- _TASK INSTRUCTIONS_: All of the data needs to be printed again, exactly as written.

- _COLLECTED DATA_:
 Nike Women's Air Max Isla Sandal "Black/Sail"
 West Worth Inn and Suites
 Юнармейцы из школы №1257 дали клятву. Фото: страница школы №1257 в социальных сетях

- _SOLVED EXERCISE_:
 Nike Women's Air Max Isla Sandal "Black/Sail"
 West Worth Inn and Suites
 Юнармейцы из школы №1257 дали клятву. Фото: страница школы №1257 в социальных сетях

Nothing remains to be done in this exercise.